DATA BLOCK:
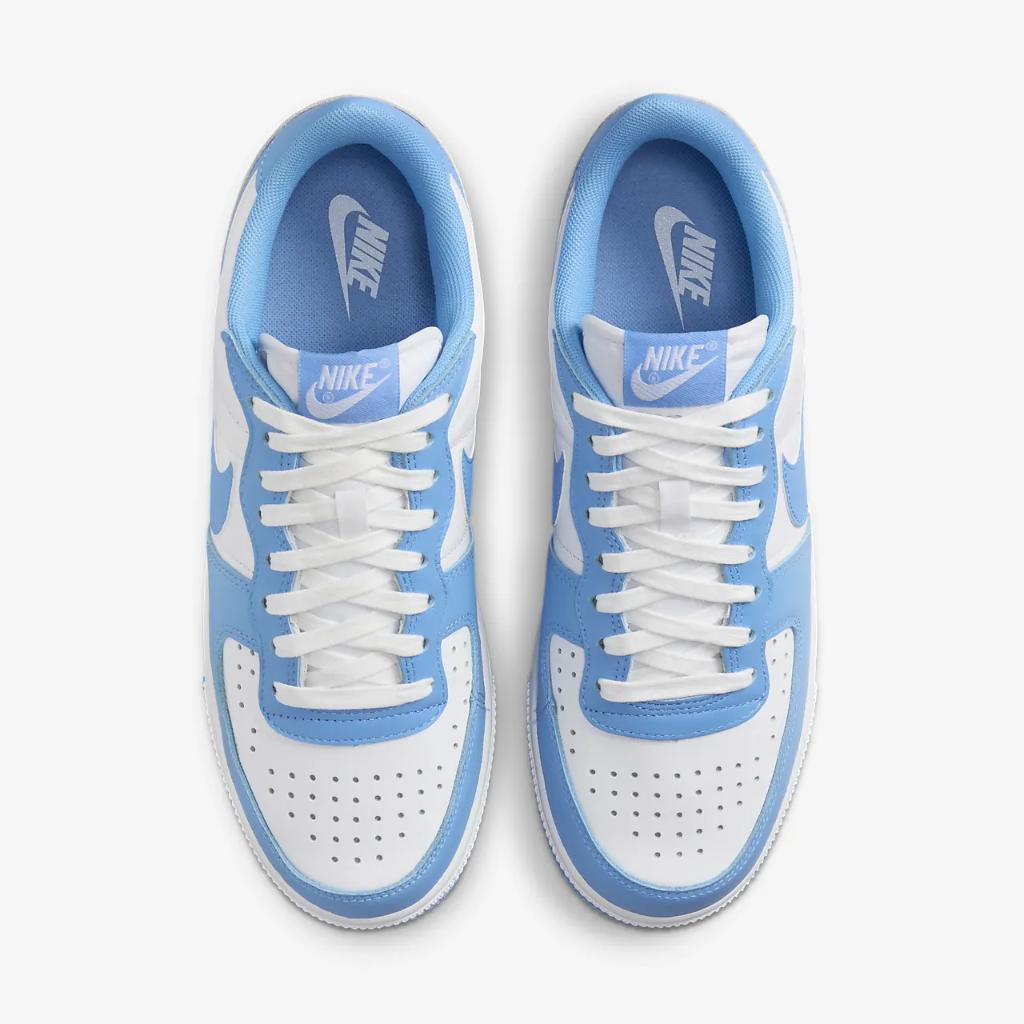 Nike Terminator Low Men&#039;s Shoes FQ8748-412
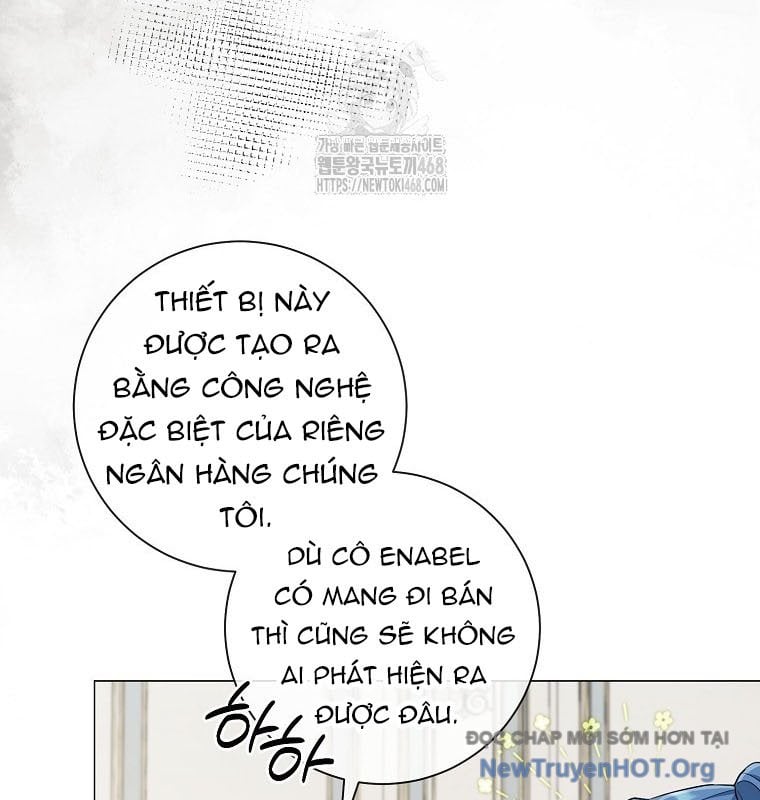 Trang 100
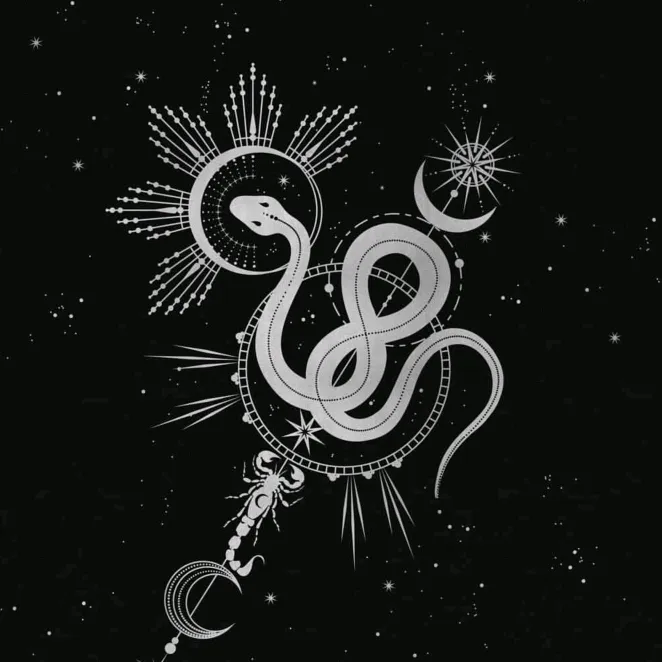 nocturna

WORK REQUEST:
Copy the material above word for word, images excluded.

EXERCISE OUTPUT:
 Nike Terminator Low Men&#039;s Shoes FQ8748-412
 Trang 100
 nocturna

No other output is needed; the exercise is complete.